Nios® V/II Embedded Design Suite (EDS)
Support for Embedded Development Tools, Processors (SoCs and Nios® V/II processor), Embedded Development Suites (EDSs), Boot and Configuration, Operating Systems, C and C++

Custom FIFO read in Nios IDE

Altera_Forum
Honored Contributor II
996 Views

I created a custom fifo in sopc builder and i am trying to read data from fifo. However, i got no idea about how to manipulate it .Is it right if i make a pointer which points at the base address of the fifo ? 

 

As i am a starter in FPGA & NIOS,or maybe my question is so simple, i would be so appreciate if some give some advice when i meet this kind of problem... 

Thanks.
0 Kudos
5 Replies
Altera_Forum
Honored Contributor II
252 Views

Is there anyone who can give some advice? I would be so appreciate..

0 Kudos
Altera_Forum
Honored Contributor II
252 Views

You have basically the choice between the IORD/WR macros to directly access hardware, or use pointers to the base address. 

If possible it's better to use pointers, as this method is probably more futureproof than the macros, especially if you plan to move to a MMU system one day. There is just one thing to be careful about when using pointers to access hardware: you must avoid using the CPU's data cache. For that the best way is to use the alt_remap_uncached() function (see page 14-47 of this document (http://www.altera.com/literature/hb/nios2/n2sw_nii52010.pdf)) to convert your base address to an uncached pointer.
0 Kudos
Altera_Forum
Honored Contributor II
252 Views

 

--- Quote Start ---  

You have basically the choice between the IORD/WR macros to directly access hardware, or use pointers to the base address. 

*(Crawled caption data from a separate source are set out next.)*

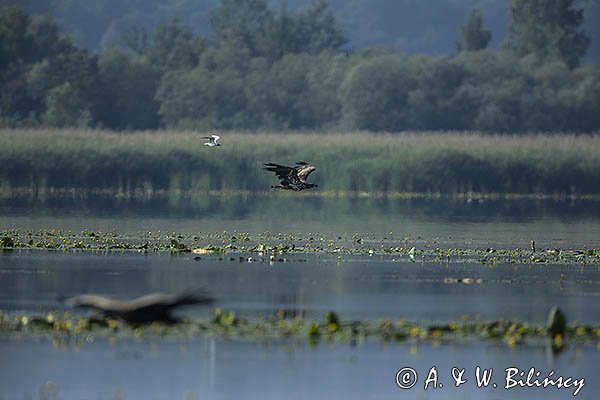 Bieliki, Haliaetus albicilla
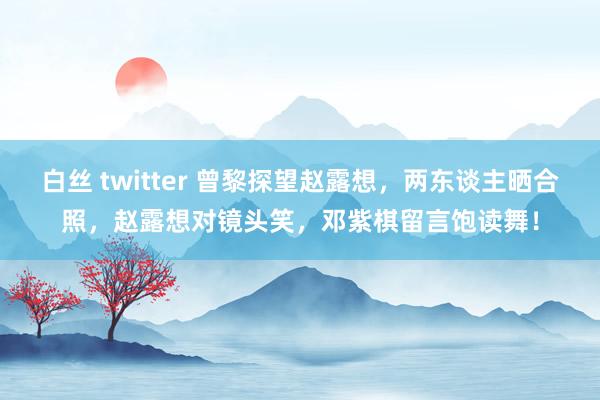 白丝 twitter 曾黎探望赵露想，两东谈主晒合照，赵露想对镜头笑，邓紫棋留言饱读舞！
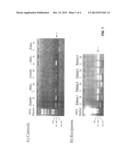 METHODS FOR DETECTING DNA PRIOGINATING FROM DIFFERENT INDIVIDUALS diagram and image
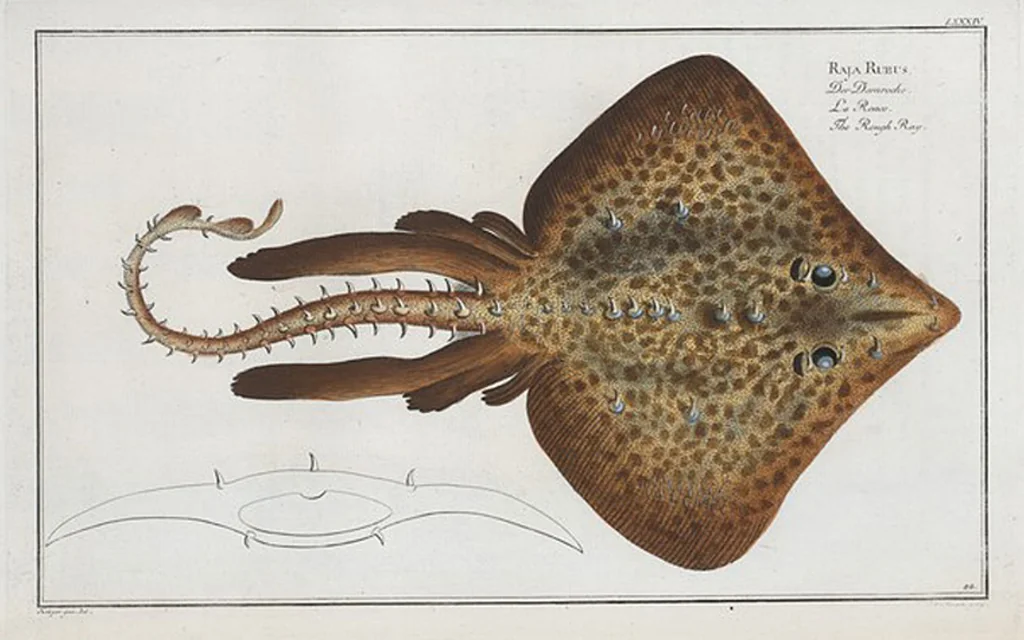 An illustration from Allgemeine Naturgeschichte der Fische. French = Ichtylogie, ou Histoire naturelle : generale et particuliere des poissons, 1785, leaf 90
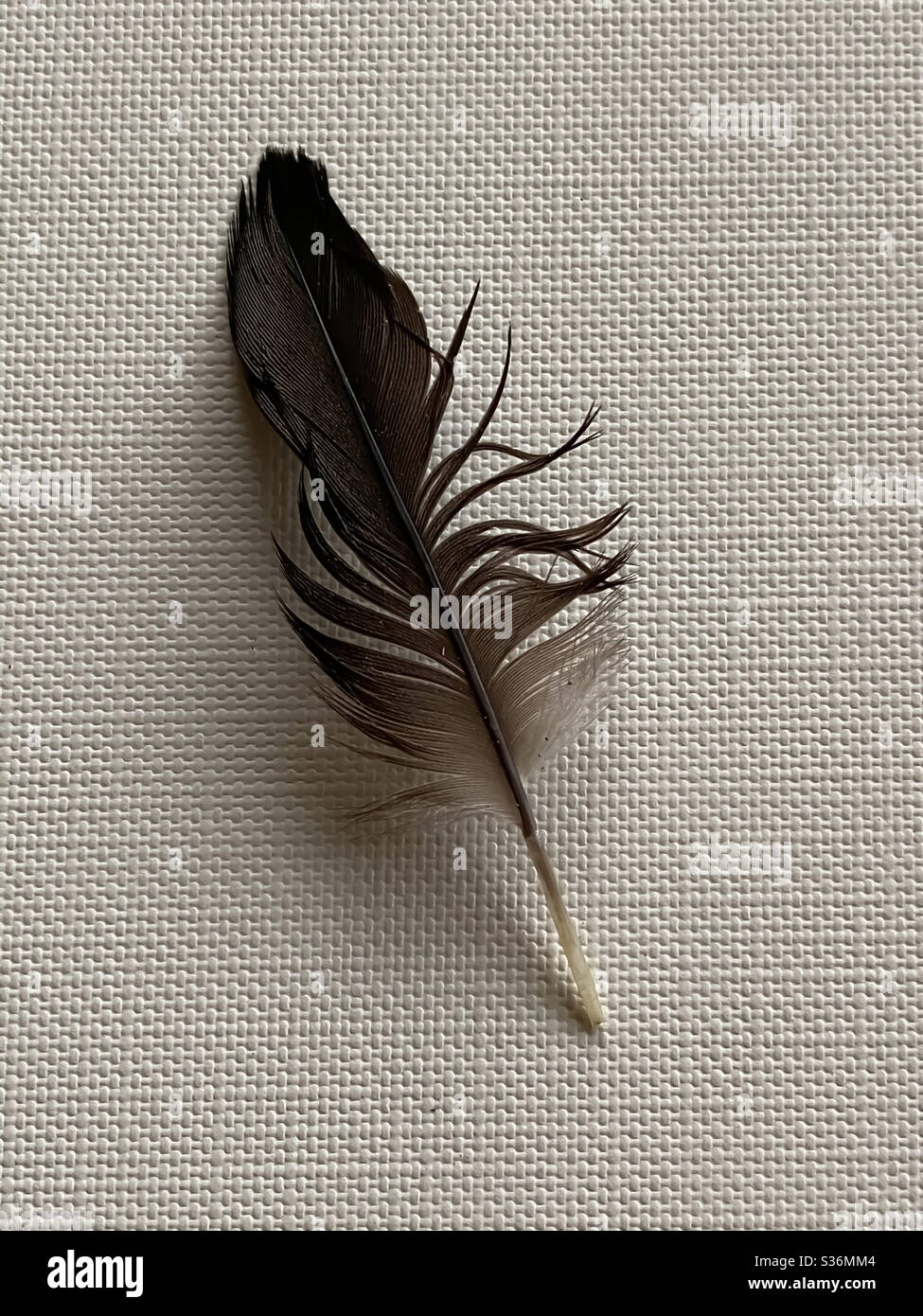 La vie d'une plume d'oiseau brun foncé sur un fond de toile - Image de stock capturée avec un smartphone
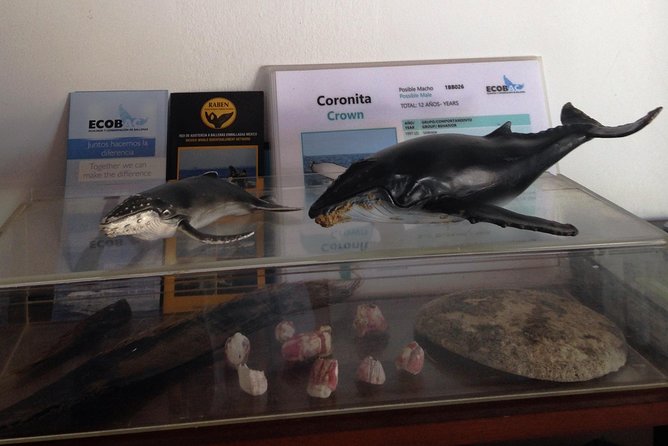 Whale Watching Adventure – Led by a Marine Biologist - The 20-minute whale lesson at Ecotours Vallarta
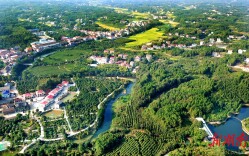 岳阳经开区：不负青山 逐绿前行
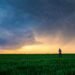 Reprogramming The Panic: Selecting Aware Response Over Avoidance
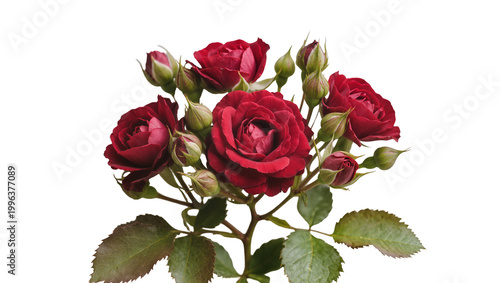 Foto Deep red roses with buds and green leaves, isolated on transparent background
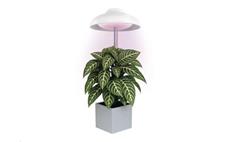 Pěstební lampa EMOS Z7901 LED GROW 5 W, časovač, bílá
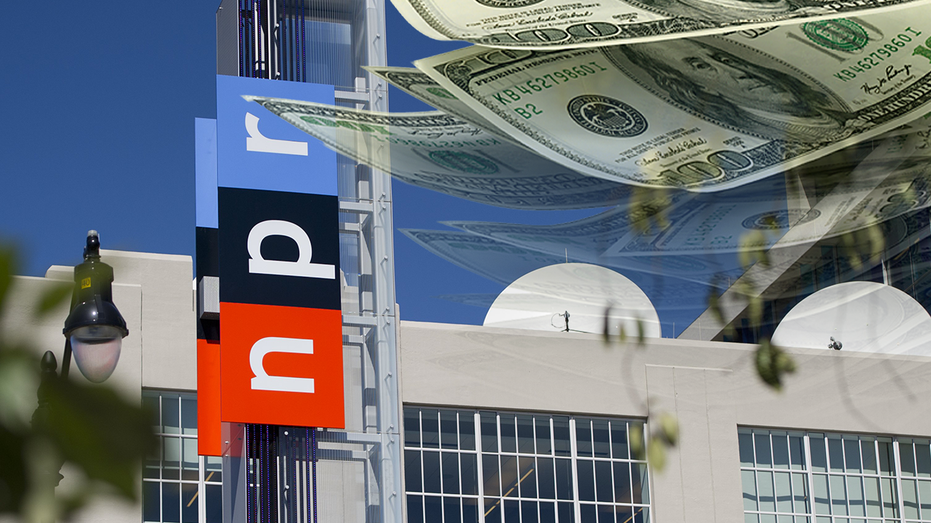 NPR gets $80 million gift from Democratic megadonor in major boost after losing government funding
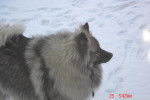 spitz-loup TAO - Spitz Allemand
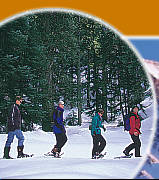 Snowmobiling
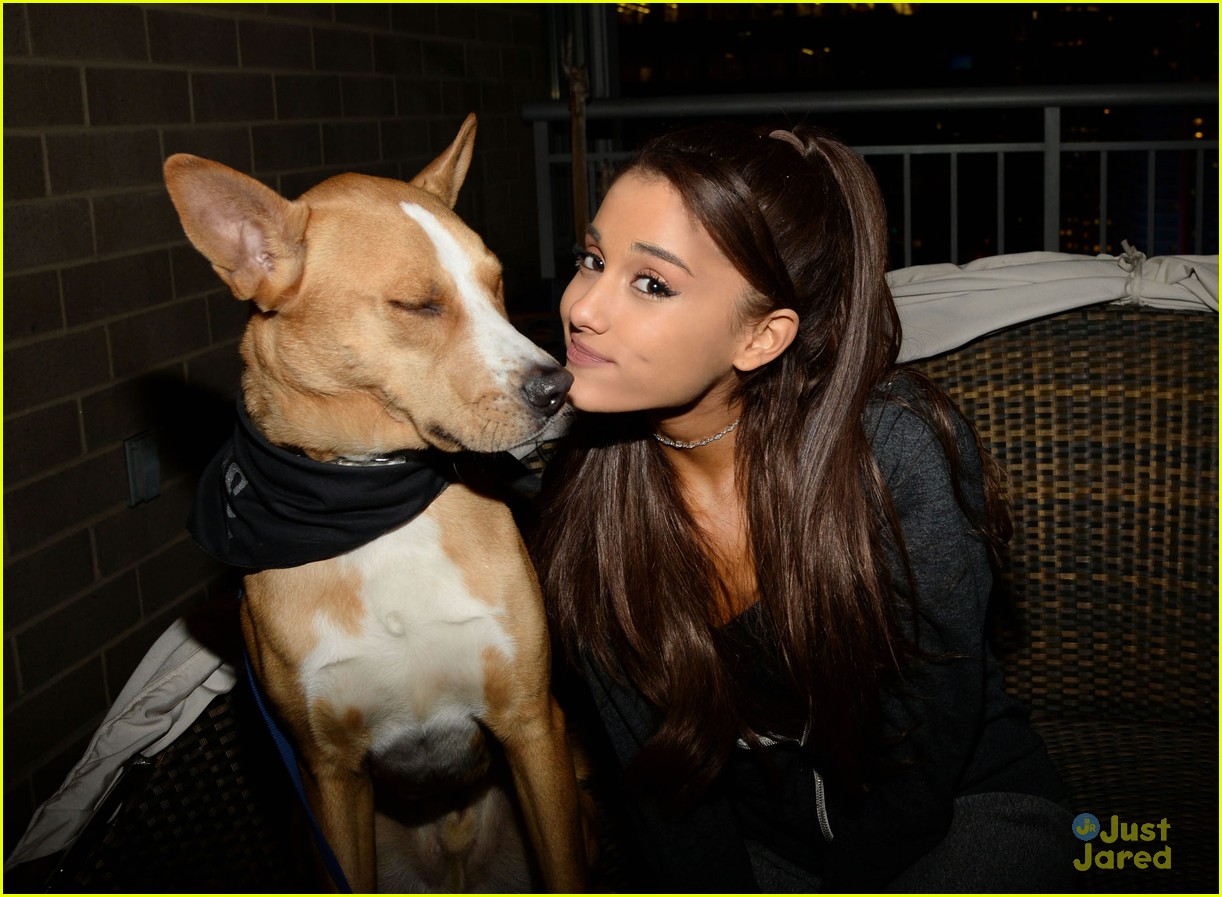 ariana grande is doing amazing things for nyc rescue dogs 05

If possible it's better to use pointers, as this method is probably more futureproof than the macros, especially if you plan to move to a MMU system one day. There is just one thing to be careful about when using pointers to access hardware: you must avoid using the CPU's data cache. For that the best way is to use the alt_remap_uncached() function (see page 14-47 of this document (http://www.altera.com/literature/hb/nios2/n2sw_nii52010.pdf)) to convert your base address to an uncached pointer. 

--- Quote End ---  

 

 

So..if my custom fifo-ip's address is 0x04000400 to 0x04000401(the span is 2) and the CUSTOM_FIFO_IP_BASE points at 0x04000400, may i program like the following ? 

 

for(counter = 0 ;counter < 255 ;counter++) { write_buffer = *(alt_16 *) (CUSTOM_FIFO_IP_BASE) ; }  

 

Write_buffer stores the data to be sent.
0 Kudos
Altera_Forum
Honored Contributor II
252 Views

If you have a data cache then this won't work. On the first loop iteration the CPU will read from your FIFO, but for the next iterations it will just read the value again from the cache instead of accessing your FIFO. Something like this would be better (not tested)#include <sys/alt_cache.h> alt_16 *my_fifo = alt_remap_uncached((void*)CUSTOM_FIFO_IP_BASE,sizeof(alt_16)); for(counter = 0 ;counter < 255 ;counter++) { write_buffer = *my_fifo ; }

0 Kudos
Altera_Forum
Honored Contributor II
252 Views

A slightly separate issue. 

Give your fifo a 32bit interface. Since the fifo itself is 16bits wide set the high bits to zero on reads. 

As defined you'll find that the actual span is 4 bytes and you'll see two read cycles for every access (the second one will have a different address). Since the nios cpu always asserts all 4 byte enables for reads, both reads will have both byte enables asserted. 

If you do a 16bit write, one of the writes has no asserted byte enables. 

I'm not sure the order of the accesses is defined either.